Click or drag to resize

HTML to PDF Converter Element

The HTML to PDF Converter integrated in Pdf Creator SDK is implemented by the HtmlToPdfElement graphic element. It offers the possibility to specify the position and the size of the PDF content rendered from HTML and the possibility to add many HTML to PDF conversions to same document.

A very useful feature is the possibility to know the size of the rendered content in each page when the rendered content spans on many pages. The information about the last rendered page can be taken from the AddElementResult object returned after adding the element to a renderer like a page or template.

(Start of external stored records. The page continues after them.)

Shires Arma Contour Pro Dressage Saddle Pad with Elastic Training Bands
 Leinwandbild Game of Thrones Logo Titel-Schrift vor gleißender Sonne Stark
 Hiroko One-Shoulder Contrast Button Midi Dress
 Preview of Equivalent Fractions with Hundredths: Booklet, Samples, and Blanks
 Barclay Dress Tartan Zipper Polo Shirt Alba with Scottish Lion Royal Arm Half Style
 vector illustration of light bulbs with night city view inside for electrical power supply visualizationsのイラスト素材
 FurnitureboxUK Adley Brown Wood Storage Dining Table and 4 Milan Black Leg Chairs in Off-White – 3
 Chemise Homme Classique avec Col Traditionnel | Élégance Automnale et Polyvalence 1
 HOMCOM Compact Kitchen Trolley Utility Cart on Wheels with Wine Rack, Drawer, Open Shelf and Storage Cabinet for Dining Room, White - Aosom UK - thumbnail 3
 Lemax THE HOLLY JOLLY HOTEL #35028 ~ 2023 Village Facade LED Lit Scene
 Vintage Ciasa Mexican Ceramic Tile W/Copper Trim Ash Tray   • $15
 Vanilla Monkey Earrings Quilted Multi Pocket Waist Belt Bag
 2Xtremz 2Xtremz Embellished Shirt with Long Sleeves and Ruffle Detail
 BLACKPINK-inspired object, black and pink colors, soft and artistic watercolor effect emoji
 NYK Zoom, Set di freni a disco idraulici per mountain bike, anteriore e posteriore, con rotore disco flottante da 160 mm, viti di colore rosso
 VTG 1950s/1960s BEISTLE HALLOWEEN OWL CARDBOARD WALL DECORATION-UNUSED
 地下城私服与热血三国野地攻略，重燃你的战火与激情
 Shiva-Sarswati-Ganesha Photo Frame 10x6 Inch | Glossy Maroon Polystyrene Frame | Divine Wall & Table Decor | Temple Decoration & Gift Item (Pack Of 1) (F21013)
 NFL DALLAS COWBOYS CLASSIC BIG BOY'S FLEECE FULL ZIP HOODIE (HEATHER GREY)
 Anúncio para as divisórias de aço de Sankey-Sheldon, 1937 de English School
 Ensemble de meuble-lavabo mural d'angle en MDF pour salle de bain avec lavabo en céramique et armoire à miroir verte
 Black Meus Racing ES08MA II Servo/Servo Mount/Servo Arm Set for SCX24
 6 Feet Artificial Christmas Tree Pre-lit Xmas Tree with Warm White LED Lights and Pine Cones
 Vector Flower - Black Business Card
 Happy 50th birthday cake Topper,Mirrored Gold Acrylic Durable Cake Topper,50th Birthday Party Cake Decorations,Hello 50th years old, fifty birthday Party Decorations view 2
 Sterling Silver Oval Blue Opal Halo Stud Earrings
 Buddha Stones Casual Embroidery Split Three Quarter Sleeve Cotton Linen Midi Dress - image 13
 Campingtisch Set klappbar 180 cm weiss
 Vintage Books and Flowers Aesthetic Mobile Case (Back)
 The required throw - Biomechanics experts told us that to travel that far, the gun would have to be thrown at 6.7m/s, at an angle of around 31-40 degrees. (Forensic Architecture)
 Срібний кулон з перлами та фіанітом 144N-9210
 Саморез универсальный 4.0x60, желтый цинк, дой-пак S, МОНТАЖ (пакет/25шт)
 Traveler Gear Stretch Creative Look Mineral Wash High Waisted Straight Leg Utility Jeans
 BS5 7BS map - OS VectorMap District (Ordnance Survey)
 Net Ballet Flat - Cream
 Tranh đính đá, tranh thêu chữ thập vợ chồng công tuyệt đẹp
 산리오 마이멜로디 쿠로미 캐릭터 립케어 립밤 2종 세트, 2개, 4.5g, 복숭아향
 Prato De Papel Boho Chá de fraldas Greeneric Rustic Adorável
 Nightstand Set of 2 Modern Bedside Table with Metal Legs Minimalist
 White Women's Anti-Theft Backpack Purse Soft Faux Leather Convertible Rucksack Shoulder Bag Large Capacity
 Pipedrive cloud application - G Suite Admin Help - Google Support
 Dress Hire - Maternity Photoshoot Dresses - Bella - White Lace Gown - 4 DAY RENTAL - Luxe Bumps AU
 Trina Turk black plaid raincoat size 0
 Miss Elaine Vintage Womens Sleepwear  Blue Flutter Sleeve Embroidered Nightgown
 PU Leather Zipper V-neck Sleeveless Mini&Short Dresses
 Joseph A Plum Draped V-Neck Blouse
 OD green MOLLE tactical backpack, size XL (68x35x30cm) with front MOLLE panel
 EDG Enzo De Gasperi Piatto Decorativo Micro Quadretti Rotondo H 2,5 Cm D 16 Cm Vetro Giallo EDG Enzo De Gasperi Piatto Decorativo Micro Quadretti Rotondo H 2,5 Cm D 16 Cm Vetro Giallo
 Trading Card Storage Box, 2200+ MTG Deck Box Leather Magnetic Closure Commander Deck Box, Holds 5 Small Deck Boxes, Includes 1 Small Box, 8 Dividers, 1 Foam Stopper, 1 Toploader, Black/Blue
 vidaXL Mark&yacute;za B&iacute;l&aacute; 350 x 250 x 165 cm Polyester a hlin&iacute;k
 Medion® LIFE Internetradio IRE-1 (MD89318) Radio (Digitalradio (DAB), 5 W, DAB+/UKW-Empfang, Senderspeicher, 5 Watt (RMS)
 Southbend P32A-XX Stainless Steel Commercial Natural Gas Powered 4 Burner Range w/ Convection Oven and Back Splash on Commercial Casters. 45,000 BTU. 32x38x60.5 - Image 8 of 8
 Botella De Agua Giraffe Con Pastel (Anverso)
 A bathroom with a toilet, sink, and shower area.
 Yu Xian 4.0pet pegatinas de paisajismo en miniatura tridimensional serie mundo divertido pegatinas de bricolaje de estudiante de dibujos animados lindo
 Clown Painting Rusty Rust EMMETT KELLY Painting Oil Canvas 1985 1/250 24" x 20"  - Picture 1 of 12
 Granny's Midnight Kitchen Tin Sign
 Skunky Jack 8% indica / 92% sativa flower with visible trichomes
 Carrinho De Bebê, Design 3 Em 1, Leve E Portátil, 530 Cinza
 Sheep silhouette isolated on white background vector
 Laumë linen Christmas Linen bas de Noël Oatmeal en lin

The HtmlToPdfElement offer many constructors that basically call the following two constructors with more or less default values for converting a URL or a HTML string to PDF:

public HtmlToPdfElement(float x, float y, float width, float height, 
    string urlToConvert, int htmlViewerWidth, int htmlViewerHeight);

   public HtmlToPdfElement(float x, float y, float width, float height, 
    string htmlStringToConvert, string htmlStringBaseURL,
    int htmlViewerWidth, int htmlViewerHeight);

The various constructor parameters are explined below.

The first constructor creates a URL to PDF converter element at the specified x and y coordinates with the specified width and height. The virtual browser width and height in pixels are specified by the htmlViewerWidth and htmlViewerHeight parameters.

  • x - The x position in points where the rendered content will be placed.

  • y - The y position in points where the rendered content will be placed.

  • width - The destination width in points for the rendered content. If the specified with is negative, the destination width will be given by the available width in page or template.

  • height - The destination height in points for the rendered content. If the specified height is negative, the destination height will be auto determined so all the content can be rendered. Please note that the specified height is the effective height that will be rendered in the PDF document and does not include for example the empty spaces introduced by custom or automatic page breaks.

  • urlToConvert - The URL to convert to PDF.

  • htmlViewerWidth - The virtual browser width in pixels. The default value is 1024 pixels. The effect of this parameter is similar with viewing the HTML page in a browser window with the specified width. When this parameter is negative, the converter will try to auto-determine the HTML page width from the HTML body element width.

  • htmlViewerHeight - The virtual browser height in pixels. The default value is 0 which means the height will be auto-determined. The effect of this parameter is similar with viewing the HTML page in a browser window with the specified width and height. When this parameter is negative, the converter will try to auto-determine the HTML page height from the HTML body element height.

The second constructor creates a HTML string to PDF converter element at the specified x and y coordinates with the specified width and height. The virtual browser width and height in pixels is specified by the htmlViewerWidth and htmlViewerHeight parameters.

  • htmlStringToConvert - The HTML string converted to PDF.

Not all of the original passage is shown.